A Zapatero, leonés de pro, le gustaban las frases largas y redondas, por eso en la nueva ley de residuos renonbró a los sistemas integrados de gestión, SIG, y los denominó de forma pomposa "Sistemas Colectivos de Responsabilidad Ampliada del Productor del Producto". Ahí es nada, y se quedó tan orondo y satisfecho. Pero le duró poco la elegría.

El Gobierno de Rajoy, nada más tomar posesión, en el año 2012, elaboró un Real Decreto Ley que contemplaba medidas urgentes en materia de medio ambiente. Entre otras incluyó la modificación de aquellos aspectos de la Ley de residuos que parecían claros. Por ejemplo, los que afectan a los sistemas de Depósito, Devolución y Retorno. A Rajoy, curiosamente, le pareció de la mayor urgencia cargarse el único aspecto claro que quedaba en la Ley de envases. Por eso este nuevo real decreto eliminó la "obligatoriedad" del sistema de Depósito, Devolución y Retorno, y esta modalidad de gestión sólo la contempla con  carácter voluntario y para aquello residuos de difícil gestión. Todo un regalo para los grandes responsables de la puesta en el mercado de la ingente cantidad de envases.
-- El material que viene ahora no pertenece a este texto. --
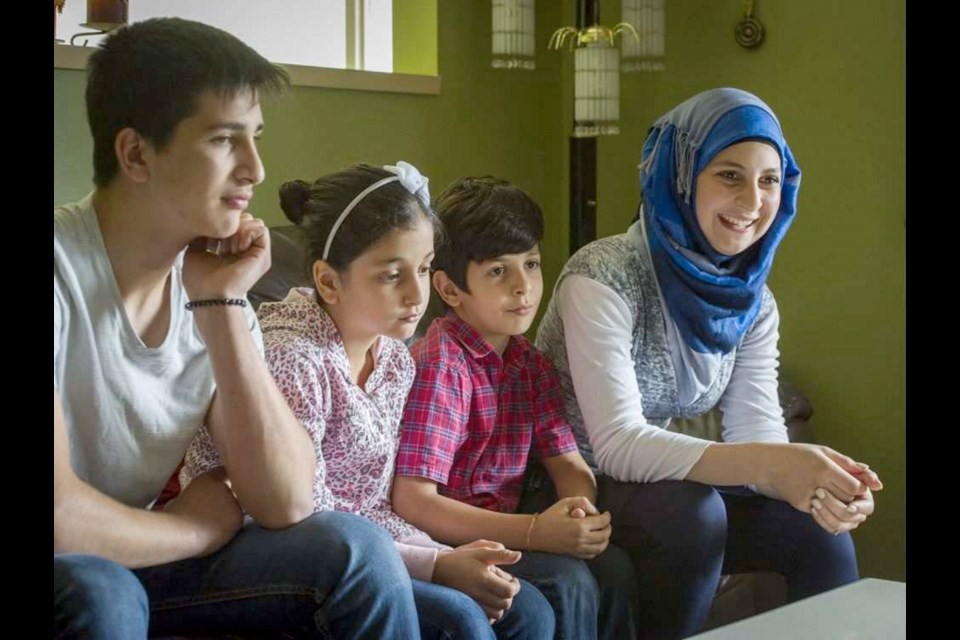 From left, Shergo Kurdi, 15, Raezan Kurdi, 10, Ranim Kurdi, 8, and Heveen Kurdi, 16, are looking forward to returning to school. The older pair lost four years of schooling while in refugee camps.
La alegría de los envasadores ha sido notoria y manifiesta. Inmediatamente han tirado de talonario y han iniciado una frenética campaña publicitaria en la que dan cuanta de las múltiples ventajas de su sistema y lo bien que lo están haciendo. Alegría para la prensa, que cobra los anuncios, alegría para el Gobierno al que le dicen lo guapo que está y alegría para los productores y envasadores, verdaderos responsables de la gestión de sus residuos que se ahorran un cuanto dinerito, bordean la ley y transfieren su "responsabilidad" a los incívicos ciudadanos. Más no pueden pedir.

Todo un disparate.

Cuando alguien se pregunte por qué no se reciclan los residuos en este país, la respuesta es bien sencilla: porque las autoridades públicas no quieren. El sistema de gestión que nos han impuesto está agotado, no garantiza la valorización de los residuos y es ineficiente económica y ambientalmente. Y lo peor de todo: ellos lo saben. Más claro, agua.